Es así, en el contexto geopolítico actual, que se rompe el predominio norteamericano. Hoy en un mundo en donde los focos de conflicto se multiplican, también se multiplican los actores que decidirán el futuro de la humanidad. Ya no se trata de una lucha por la expansión de una u otra ideología, en esta nueva “Guerra Fría” el interés está en el dominio de los cada vez más escasos recursos económicos y en los mercados que consumen dichos recursos.
Venezuela y su petróleo, Nicaragua y un potencial nuevo canal transoceánico, los países balcánicos y Siria como acceso al Mediterráneo, Irak e Irán como fuente y paso de hidrocarburos, el África Subsahariana y su riqueza minera son los escenarios de choque entre Estados Unidos, Rusia y la China.
Esta nueva “Guerra Fría” se asemeja mucho al contexto de la “Paz Armada” (1870 – 1914), previa a la Primera Guerra Mundial, cuando las grandes potencias del planeta, deseosos de territorios ricos en materias primas para alimentar a una imparable “Revolución Industrial”, terminaron enfrentados en un conflicto global.
Hoy el contexto es muy similar, tanto así que los egos de los actuales líderes mundiales nos hacen recordar el de aquellos monarcas que dirigían las naciones enfrentadas en la “Gran Guerra”. Detrás de estos se encuentran cupulas militares y los grandes empresarios que cegados por los grandes negocios de armas, no miden la tensión que provocan con una carrera armamentística que tanto hoy como hace 100 años no tuvieron precedentes.
Hoy, aunque no se perciba, el temor debiera ser mayor que el vivido cuando la tensión surgía por un tema ideológico y no de uno económico.

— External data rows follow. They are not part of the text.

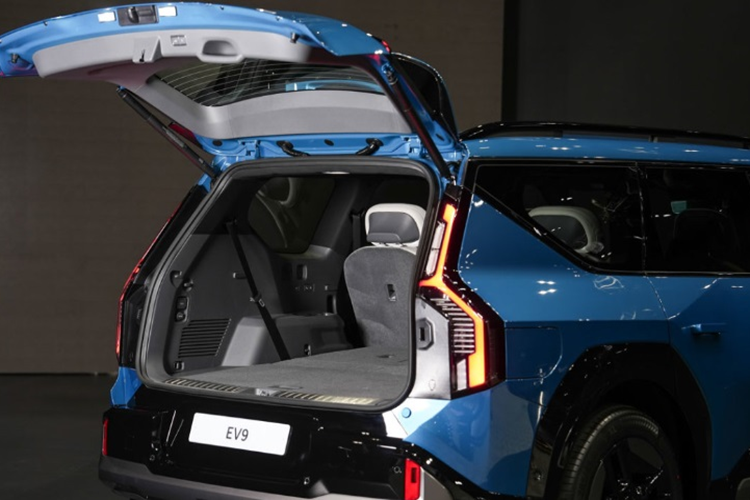 Cung cấp sức mạnh cho bản EV9 Earth Long Range là một mô tơ điện ở cầu sau cho công suất 201 mã lực, mô-men xoắn 350 Nm. Theo kết quả thử nghiệm, xe tăng tốc 0-100 km/h trong 9,4 giây.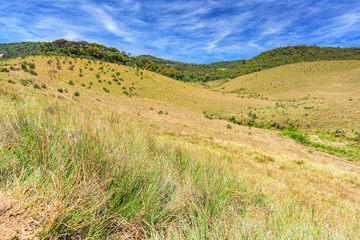 Beautiful landscape meadow from World's End within the Horton Plains National Park in Sri Lanka.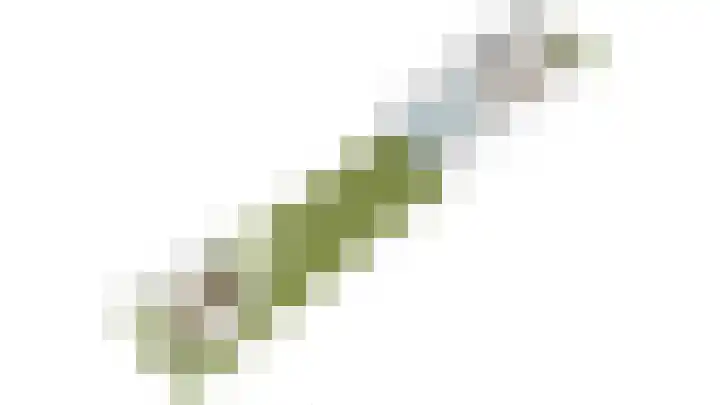 Bûtsingel 44 Joure thumbnail 52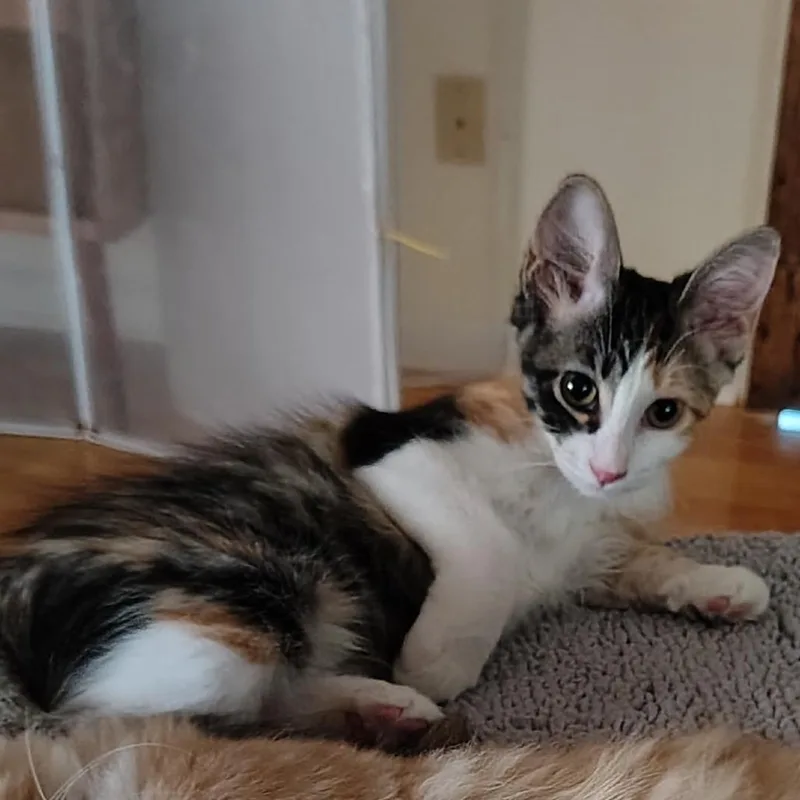 A baby small-sized female Calico Domestic Medium Hair cat named Madame Mayor for adoption in Carencro, LA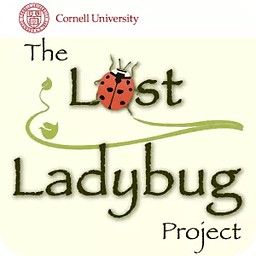 Lost Ladybug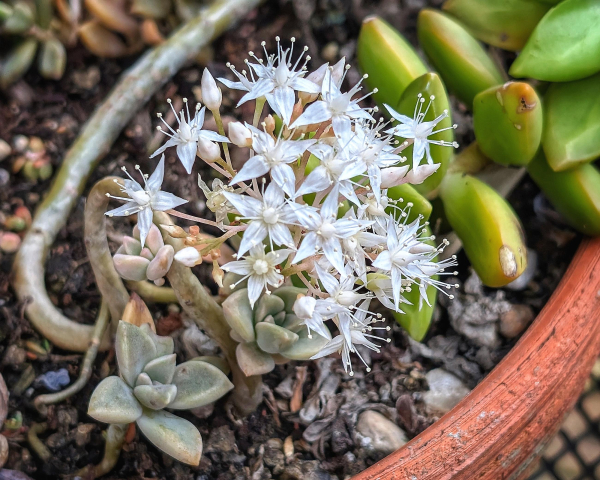 A cluster of tiny white five-petal flowers at the end of a branch of thick green succulent leaves, near the edge of a terracotta pot.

Las ideologías, aunque enfrentadas, tienden a sentarse en la mesa, el apetito por la riqueza no tiene esa sana costumbre.
Finalmente, esta nueva “Guerra Fría”, la idea del enfrentamiento entre bloques ha dejado de ser válido. La ya mencionada decadencia de liderazgo norteamericano, ha llevado a sus antes fieles aliados a tomar distancias. El decidido apoyo que antes Washington recibía por parte de la Gran Bretaña, Francia, Alemania e Italia no se percibe más, como tampoco se toma como un hecho la alianza entre Rusia y China, que más bien ambicionan las mismas áreas económicas.
La historia se escribe en estos mismos momentos. Somos observadores de primera línea, en donde las redes sociales y los medios de comunicación, hoy cada vez con menos límites, nos informan o desinforman inmediatamente sobre cómo se realizan los eventos.
Nuestra nueva “Guerra Fría, en donde ya no se enfrentan lideres totalitarios y sanguinarios, frente a gobiernos demócratas, sino un multimillonario amante de las cámaras, un ex agente de servicios y un ingeniero químico hijo de un ex guerrillero, es más que interesante.